Microsoft® iSCSI Target 3.2 availability and performance white paper (2010)

noname studio

published: December 2010

(download as pdf)

Abstract

In April 2010 noname studio conducted independently a set of preliminary iSCSI performance benchmarks using the available Microsoft® iSCSI Target 3.2, distributed to OEMs with Windows Storage Server 2008 editions. The test series were focused on a gigabit Ethernet over copper (1000BASE-T) with a single link. The results were – comparing to other software iSCSI targets and entry level OEM iSCSI SANs – satisfactory.

Our objective

Our goal was firstly to test if Microsoft® iSCSI Target 3.2 can offer a good performance, compared to other iSCSI Target software solutions. Furthermore we wanted to check if software iSCSI targets can saturate a single 1000Mb/s channel. For this purpose we controlled if there are any performance differences when using the OS out-of-the-box TCP/IP parameters and when adjusting the parameters as proposed in various SAN OEM forums (see Appendix C). Also we additionally ran the stress tests with enabled jumbo frames to measure alleged improvements.

Strictly speaking the objective does not have a comparative but rather informative character. As such the values and results should serve as orientation standpoints. Auxiliary stand feet were provided with two other SAN appliances for orientation – one was Open-E on top of the same hardware workbench, the other was an iSCSI SAN solution from EasyRAID (see Appendix A for hardware details).

Note: This white paper should not be taken in any case as an ultimate reference!

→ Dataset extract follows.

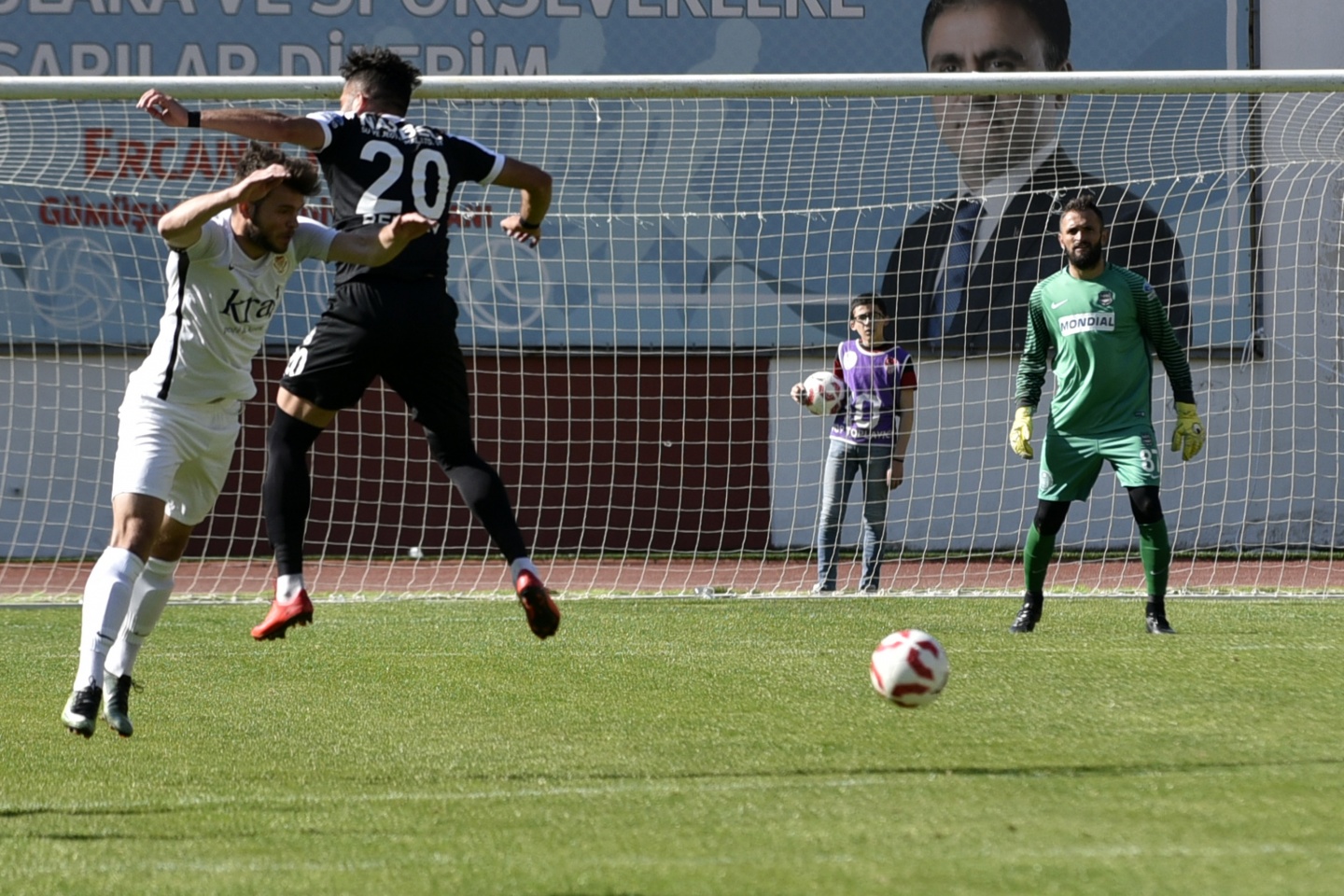 Gümüş Şampi.... 3-1 108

Firstly all the tests were sported with one benchmark application called h2benchw, which provides steadfast results for direct attached SATA/SAS HDDs, but is not optimized for iSCSI, i.e. cannot set variable profiles for data block sizes, randomizing, outstanding I/Os etc. Also the consequent test iterations were afterwards considered not sufficient, because of abnormally high deviations (around 10-12%) of the results on the same workbench. As such the results and our opinions here should rather be considered a starting point for further investigations.

Our Observations

IPERF

The preliminary tests started with a sanity check for the ethernet connection: we used iperf and visualized the results in excel sheet. Since a theoretical technical bandwidth for 1GbE is 128 megabyte/s the expectation was laid within 110-124 MB/s in one direction. The results were a little less though.

Three TCP window sizes & two MTU sizes – matrix was used (see details under Appendix B). Whereas the MTU size could not contribute to a measurable performance boost, the TCP window size was crucial and estimated that for 1000BASE-T with latency lower than 1ms set parameters lower than 128 Kbytes were unsatisfactory.

As can be seen from the figure with TCP window size values less than 128 Kbyte the bandwidth was not only throttled, but also unstable. Also any other attempts to improve the network speed were ineffective: either the current drivers, or the TCP/IP stack were hindering peak values higher than 112MB/s.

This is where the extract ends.